Regarding Rose’s application for reinstatement, Manfred cited “new evidence” of Rose’s misdeeds as manager of the Cincinnati Reds involving bets placed on games in a decision on Rose’s most recent effort at reinstatement, though he didn’t need “new evidence” to tell him that Rose gambled on baseball in clear and obvious violation of the rules of the game.

Rose conceded as much in agreeing to be banished from the game in 1989, and few are arguing 27 years later that he should be returned to a dugout or a front office in any official capacity.

And yet as relates to the Hall of Fame, he’s still the Hit King, and no amount of pretending that he isn’t one of the game’s greats makes it so.

The same is true of Barry Bonds and Roger Clemens, baseball’s best home-run hitter and maybe its best pitcher. Try as they might to keep Bonds and Clemens out of the Hall because of their PED use, baseball’s gatekeepers are only fooling themselves.

Nobody is nominating Bonds, Clemens or Rose for sainthood. But to suggest that the only reason that Bonds and Clemens were at the top of the game in the ‘90s and ‘00s was because of PEDs is ridiculous; and to suggest that Rose deserves to be eternally outcast from the game because of a personally destructive addiction is vindictive and bordering on the sophomoric.

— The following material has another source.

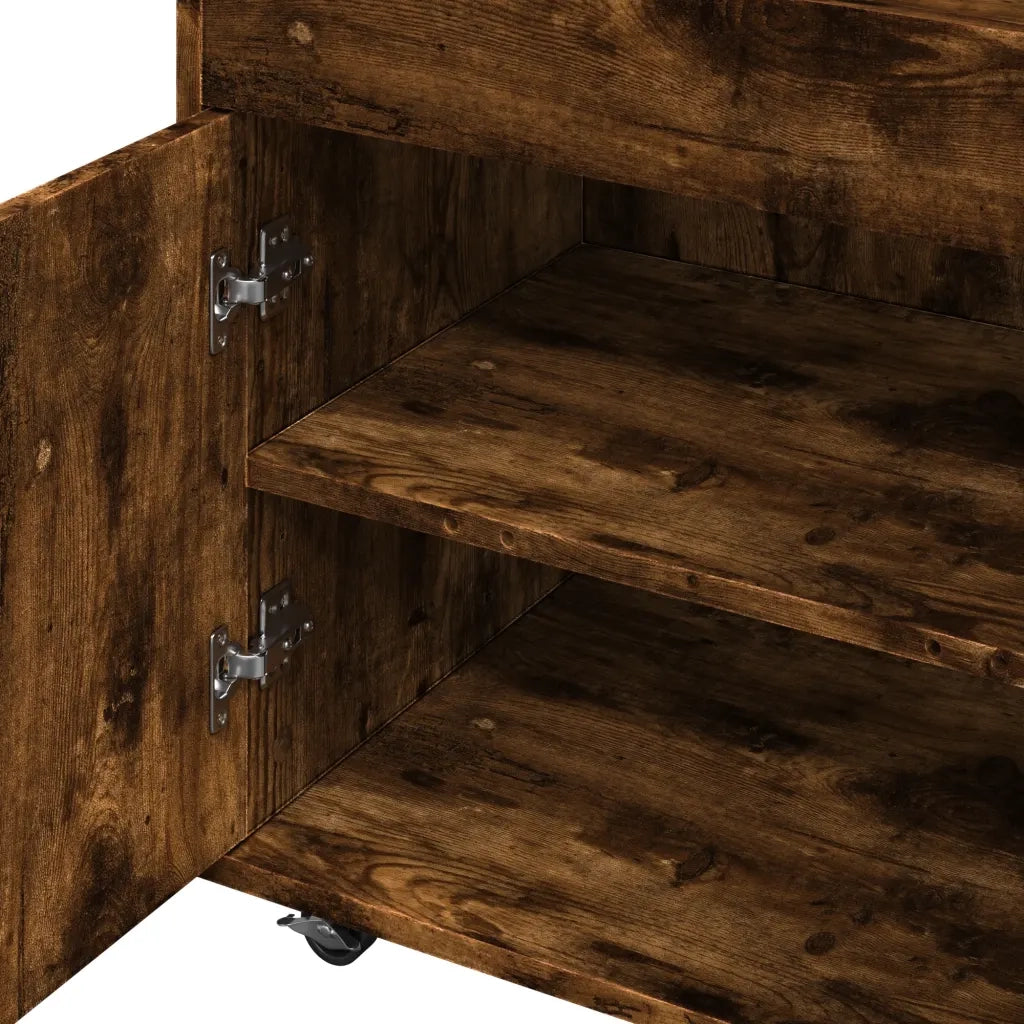 Carrello Bar Rovere Fumo 60x39,5x89 cm in Legno Multistrato 848273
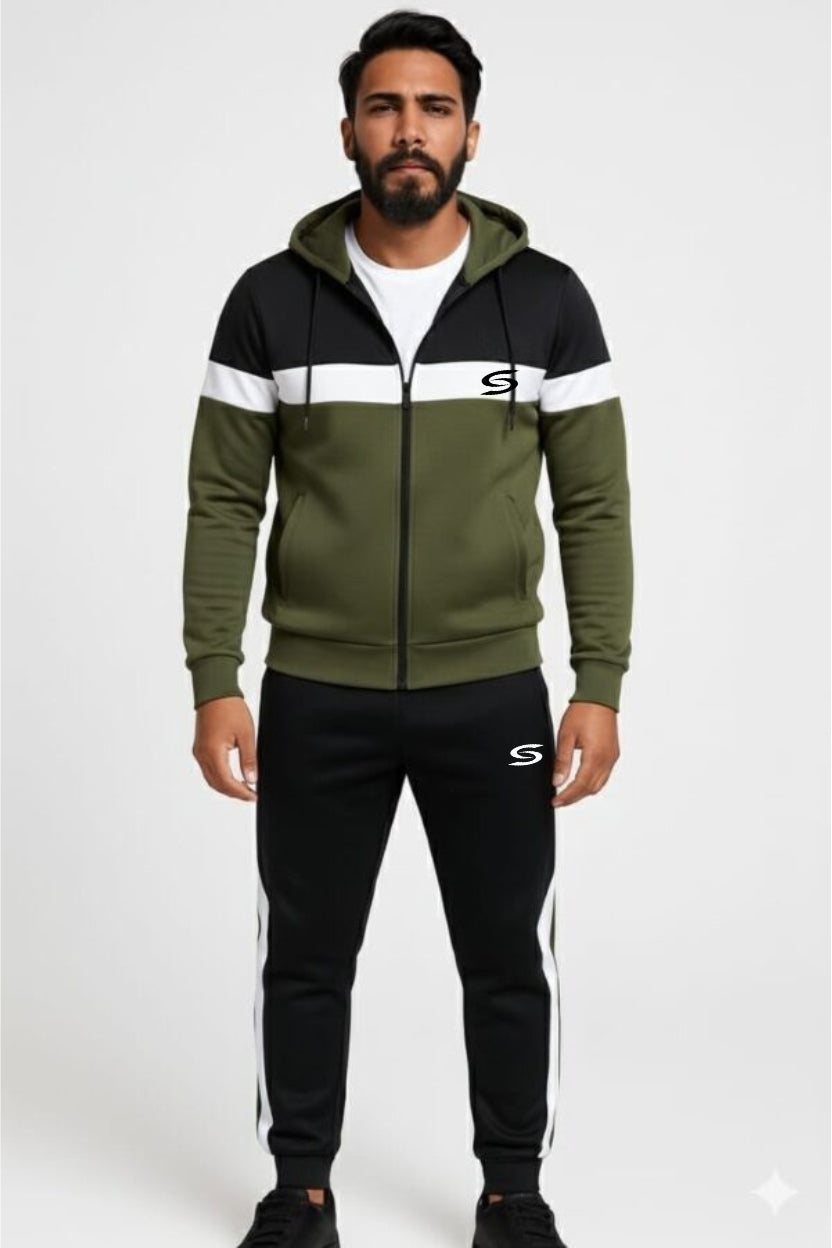 Premium-Olive Green+Black & White Combo-Micro Fleece Tracksuit For Men - Superwear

It was refreshing to see Rose featured in Fox TV coverage of the 2015 playoffs and World Series, and his presence made it seem like a thaw in the cold war between MLB and Rose was on the horizon.

Turns out that was not the case.

“Mr. Rose’s public and private comments, including his initial admission in 2004, provide me with little confidence that he has a mature understanding of his wrongful conduct, that he has accepted full responsibility for it, or that he understands the damage he has caused,” Manfred wrote in his decision on Rose’s appeal for reinstatement issued on Monday.

Fair enough. At this stage in his life, Rose isn’t going to be able to translate reinstatement into a full-time managerial gig.

Whatever you feel about his contrition or lack thereof, reinstatement was in actuality all about the Hall of Fame.

Manfred kicked that can down the road Monday.

“The issue of whether Mr. Rose should be eligible for Hall of Fame election under the bylaws of that organization presents an entirely different policy determination that is focused on a range of considerations distinct from the more narrow question before me — i.e., whether I believe that Mr. Rose’s reinstatement would be consonant with the policy rationale underlying Rule 21. Thus, any debate over Mr. Rose’s eligibility for the Hall of Fame is one that must take place in a different forum,” Manfred wrote.

So, the ball is in the Hall’s hands.

Note to those gatekeepers: a Hall of Fame without Pete Rose isn’t a Hall of Fame that I’m ever going to visit.